Ce navire de près de 100 mètres de long qui a quitté mardi son port d’attache de Shimonoseki (ouest du Japon) est arrivé jeudi à Tokyo, où plusieurs médias dont l’AFP ont pu le visiter.
Il doit partir samedi pour plus de sept mois de chasse à la baleine, au large des côtes nord-est et nord de l’archipel.
« C’est un nouveau navire pour une nouvelle ère, symbolisant la phase de reprise de la pêche commerciale à la baleine » du Japon depuis 2019, avait déclaré mardi M. Tokoro, président de l’entreprise baleinière Kyodo Senpaku, propriétaire et exploitante du Kangei Maru.
C’est une gigantesque boucherie conçue pour la haute mer, avec un pont couvert d’une quarantaine de mètres pour découper les baleines, qui y seront hissées une fois abattues par un treuil pouvant tracter jusqu’à 70 tonnes, sur une rampe en pente douce.
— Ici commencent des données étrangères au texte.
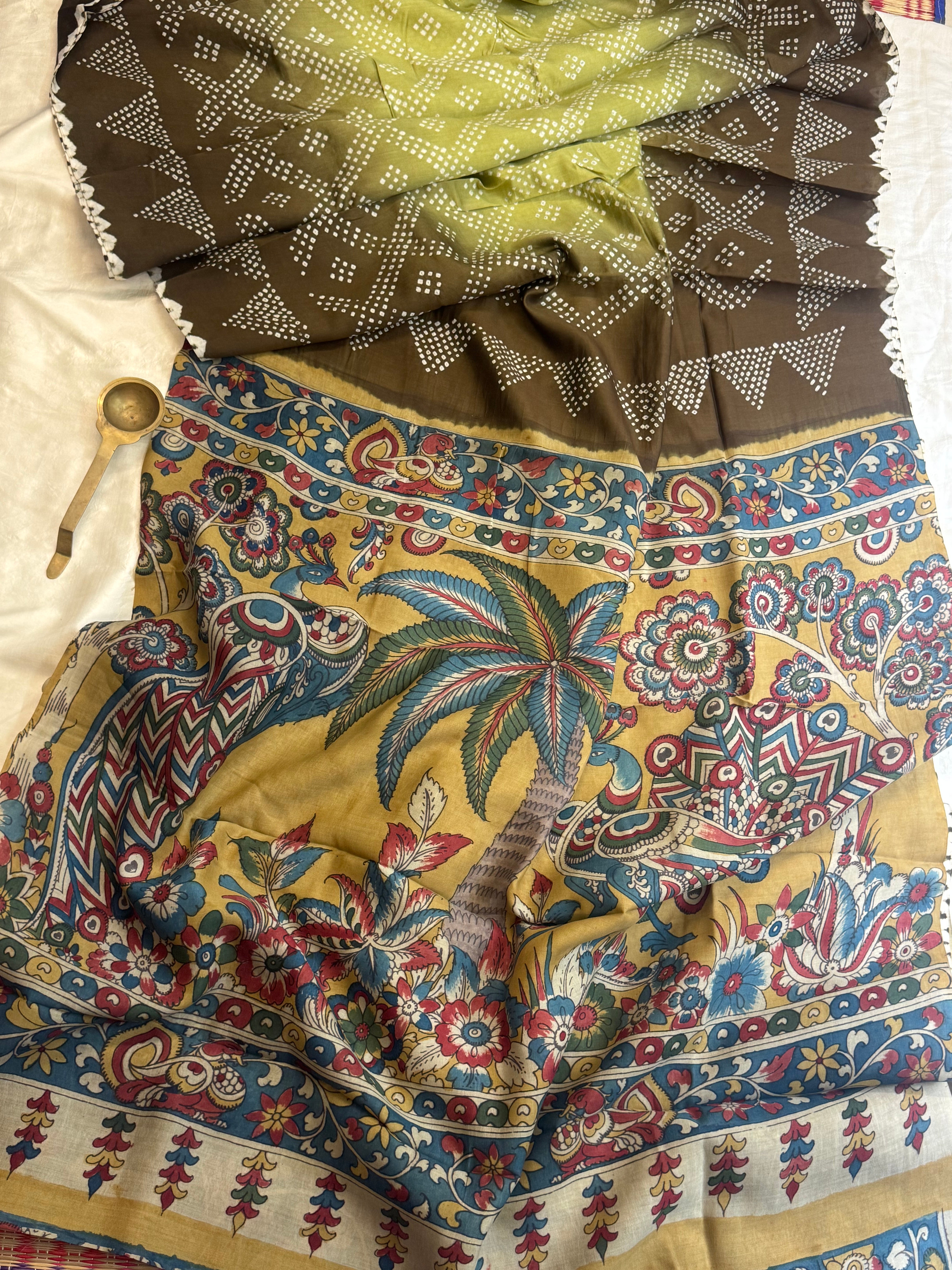 shaded gharchola Tussar Kalamkari Palla was / Bandhini saree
« Attention, elles sont très aiguisées », prévient M. Tokoro à propos de lames de 30 centimètres avec lesquelles des ouvriers feront le tri entre la viande utile et les déchets de l’animal, qui seront rejetés dans l’océan.
Des tapis roulants transporteront les blocs de viande, qui seront ensuite conditionnés puis stockés dans des conteneurs réfrigérés d’une capacité de 15 tonnes chacun.
– Une chasse décomplexée –
Le Kangei Maru n’est pas équipé pour la capture: un plus petit navire à ses côtés, doté d’un canon-harpon, se chargera de cette partie du travail. Mais avec ses drones, le bateau-usine contribuera au repérage des proies.
Parmi d’autres innovations par rapport au Nisshin Maru, son prédécesseur retiré l’an dernier du service après 30 ans de carrière, le Kangei Maru dispose également de cabines individuelles et du wifi, pour améliorer le confort de ses quelque 90 membres d’équipage.
Malgré l’instauration en 1986 d’un moratoire international sur la pêche commerciale à la baleine, le Japon avait persisté en exploitant et détournant une clause d’exception autorisant des missions à des fins scientifiques.
Aussi le Nisshin Maru était devenu la bête noire d’ONG environnementales comme Greenpeace et Sea Shepherd, dont des militants n’hésitaient pas à le harceler jusqu’en Antarctique pour perturber ses activités.
Depuis qu’il a quitté le moratoire international en 2019, le Japon a repris ouvertement la pêche commerciale à la baleine, mais la limite désormais à son propre espace maritime.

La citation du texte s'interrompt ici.